ASSIGNMENT ▸
Give every entry below again, exactly as written, and skip the images.

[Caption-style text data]
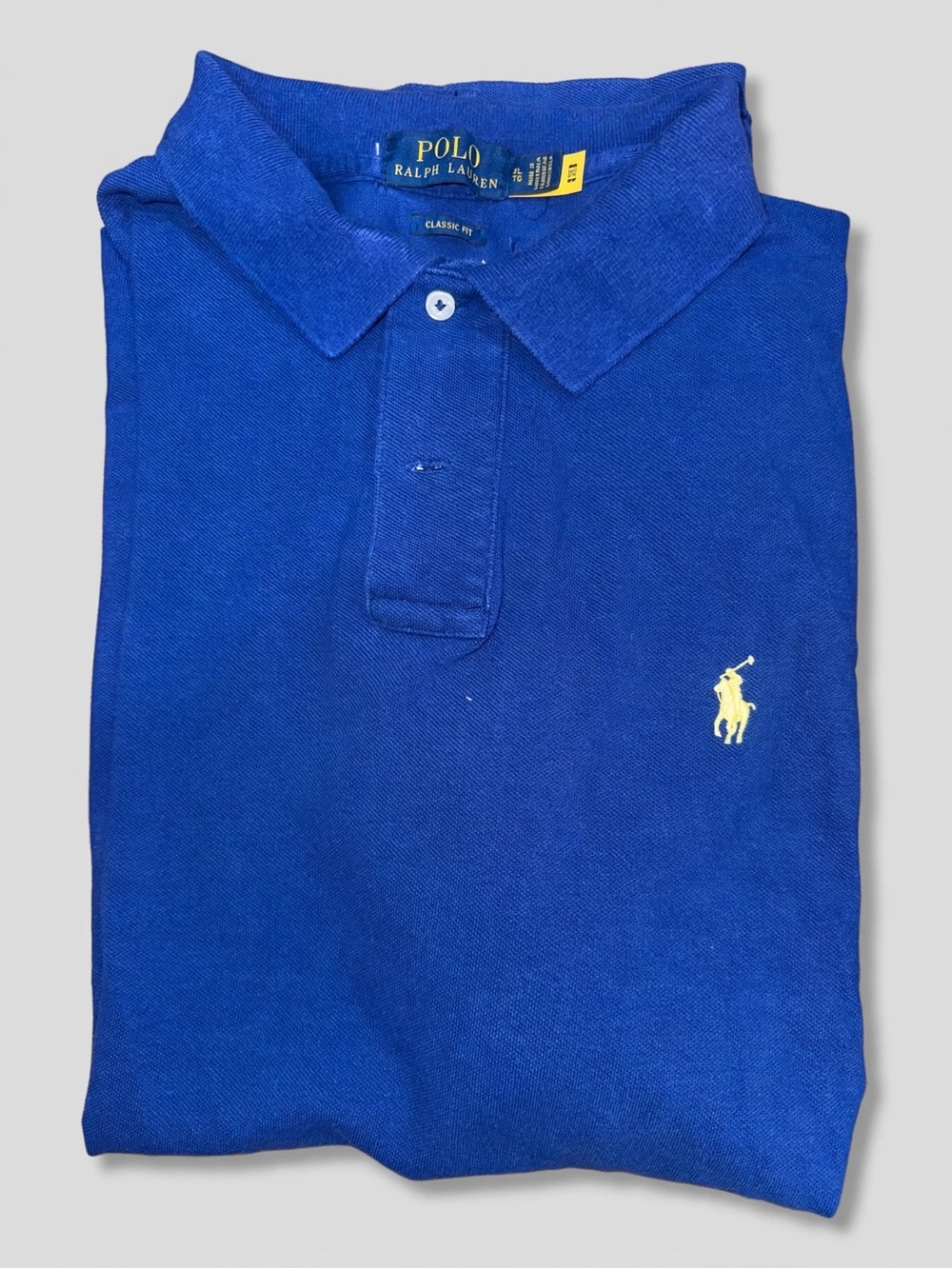 Polo by Ralph Lauren Royal Blue Polo with Yellow Pony
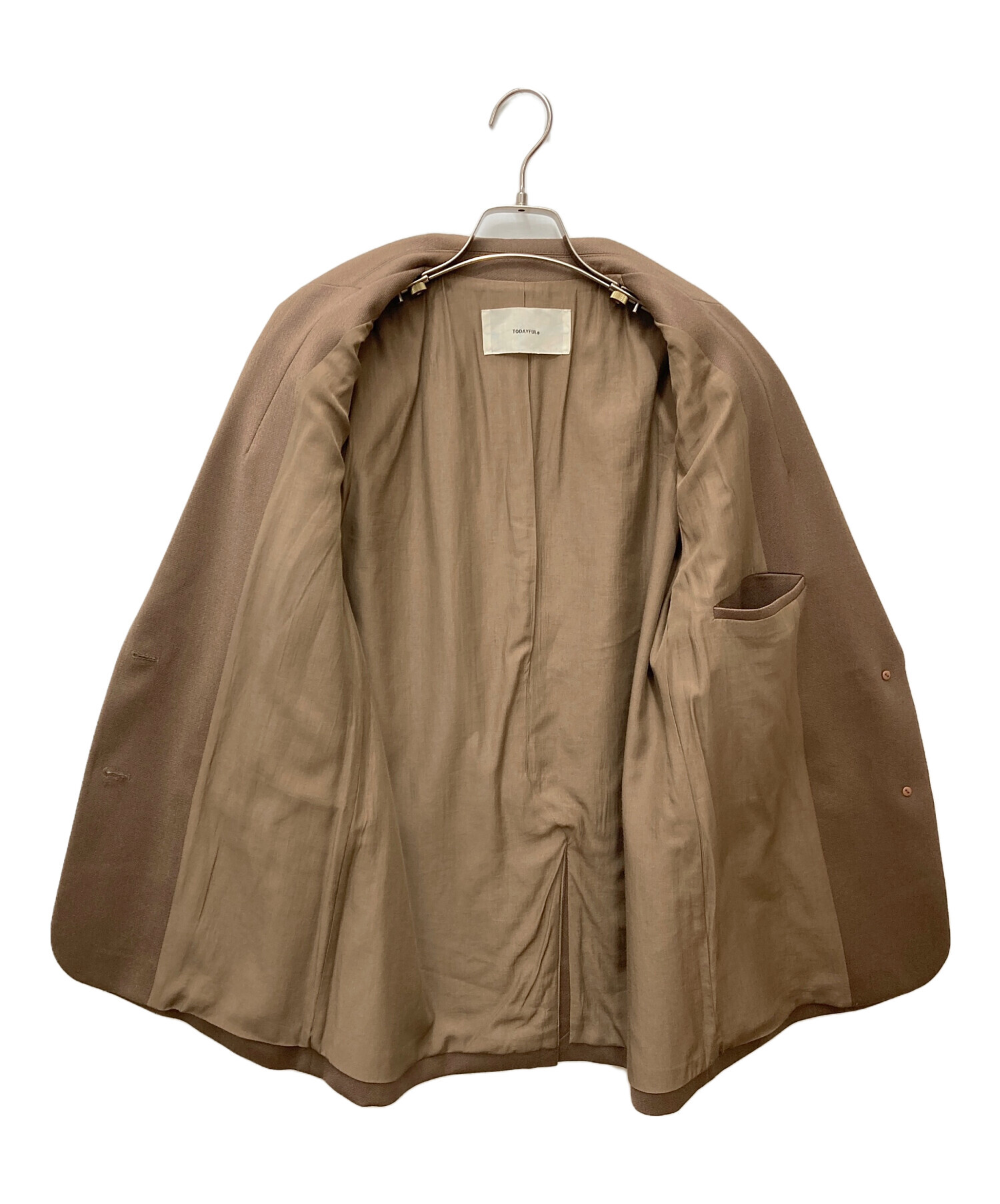 中古・古着通販】TODAYFUL (トゥデイフル) Wool Over Jacket 中古・古着通販】TODAYFUL (トゥデイフル) Wool Over Jacket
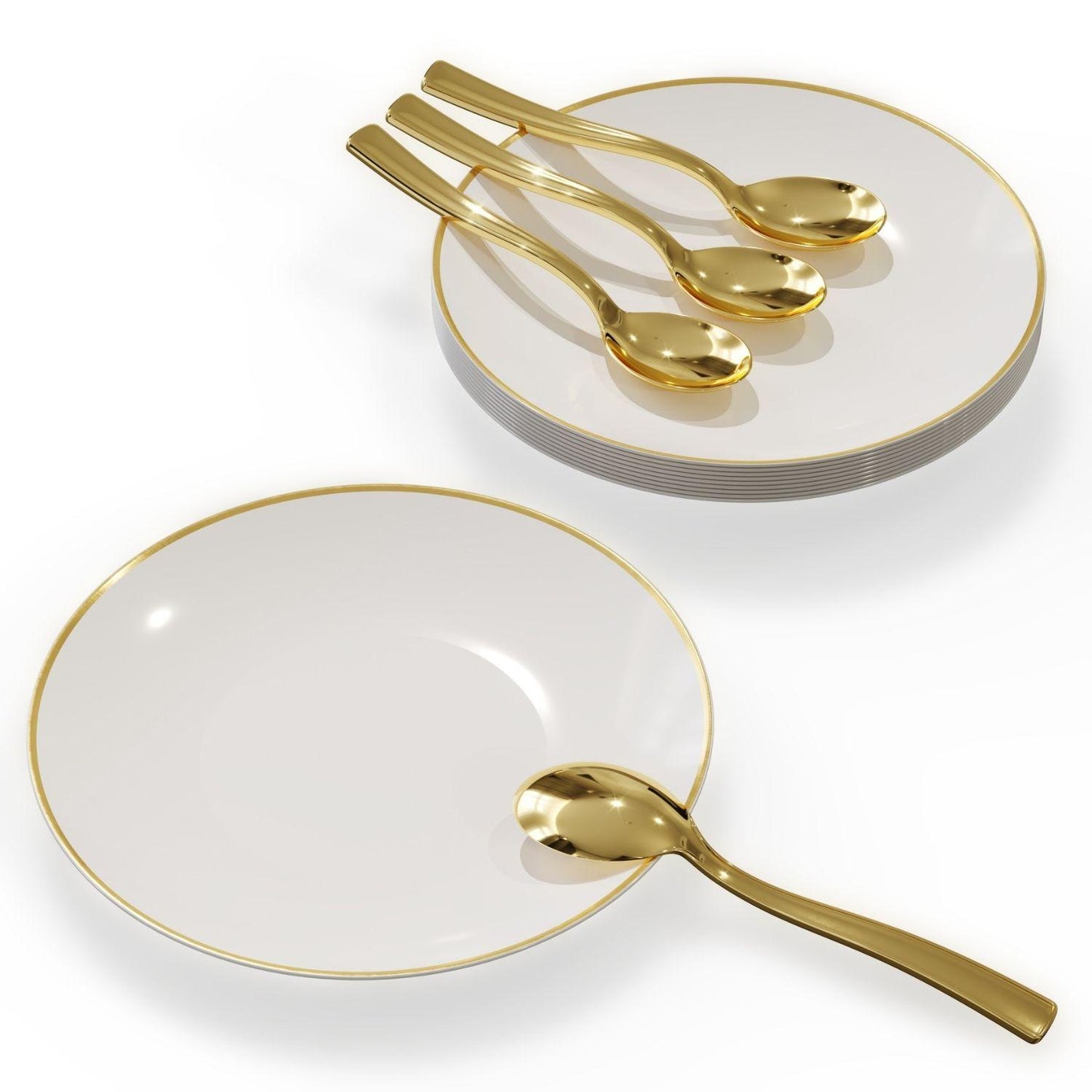 6" Classic Gold Design Plates - 10 ct.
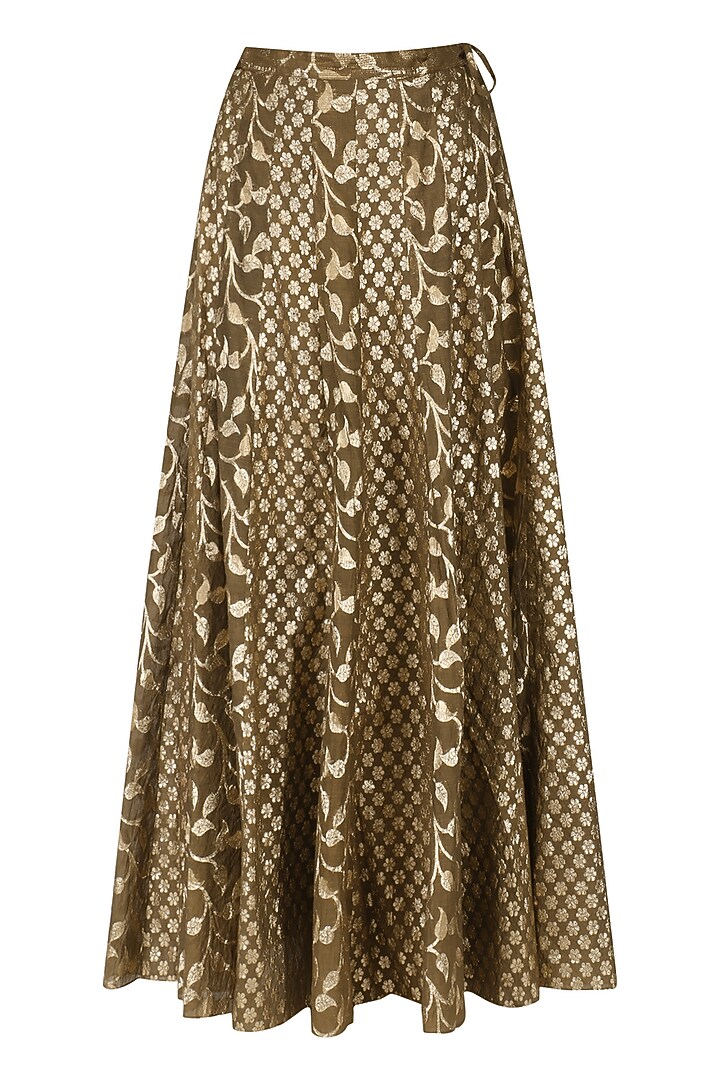 Mint Green Embroidered Anarkali Set available only at Pernia's Pop Up Shop.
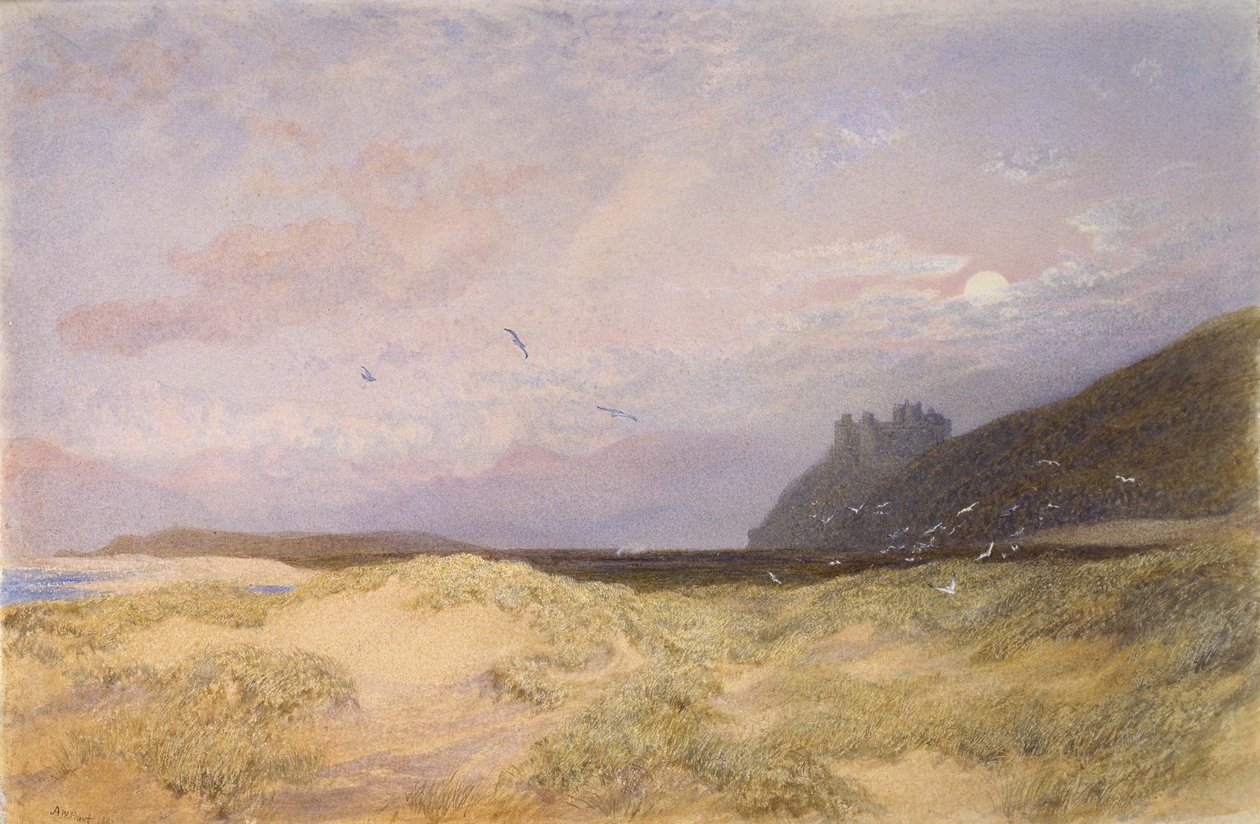 Harlech, 1862 (akwarela na papierze) autorstwa Alfred William Hunt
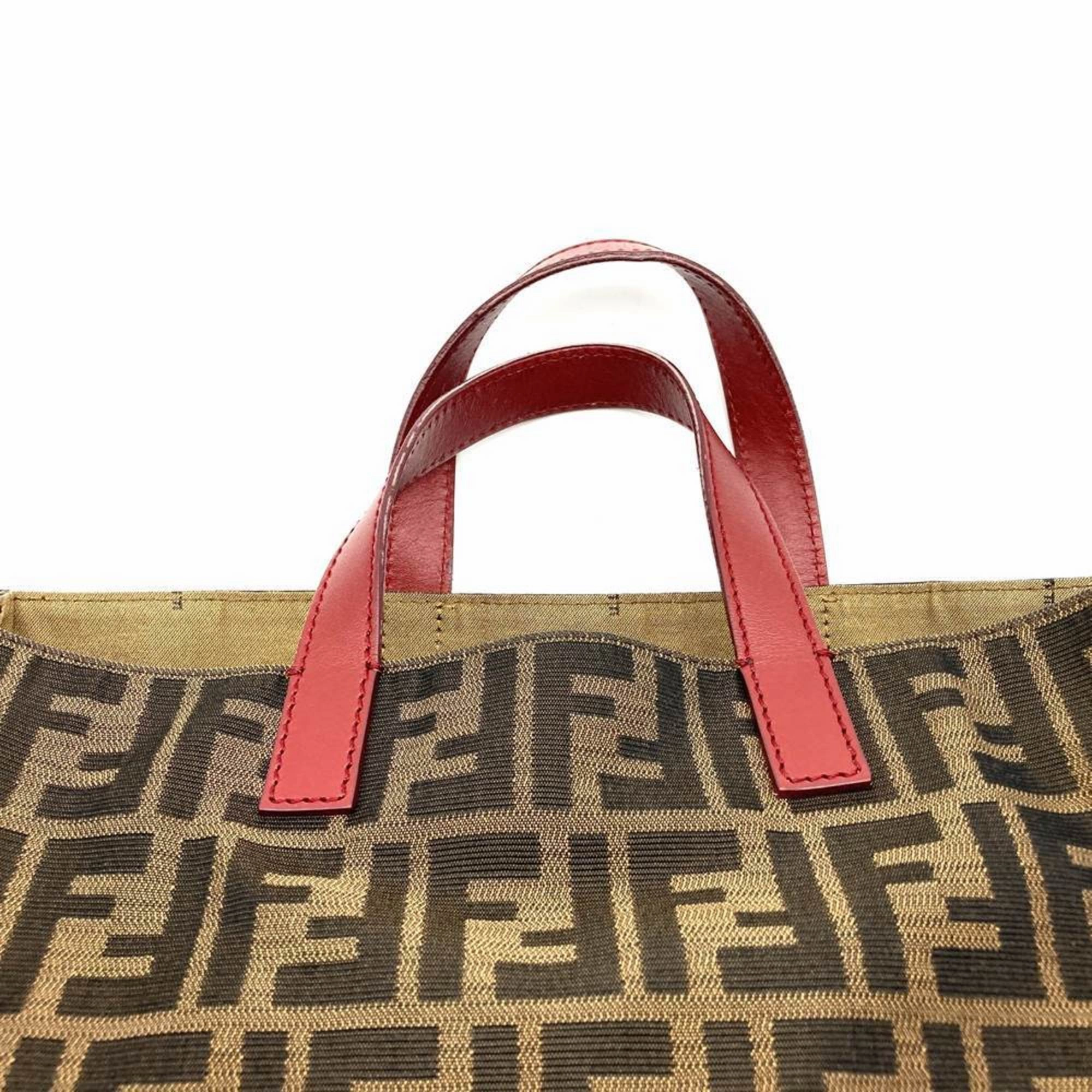 Fendi Zucca Canvas Tote Bag (Pre-Owned)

ANSWER SECTION ▸
 Polo by Ralph Lauren Royal Blue Polo with Yellow Pony
 中古・古着通販】TODAYFUL (トゥデイフル) Wool Over Jacket 中古・古着通販】TODAYFUL (トゥデイフル) Wool Over Jacket
 6" Classic Gold Design Plates - 10 ct.
 Mint Green Embroidered Anarkali Set available only at Pernia's Pop Up Shop.
 Harlech, 1862 (akwarela na papierze) autorstwa Alfred William Hunt
 Fendi Zucca Canvas Tote Bag (Pre-Owned)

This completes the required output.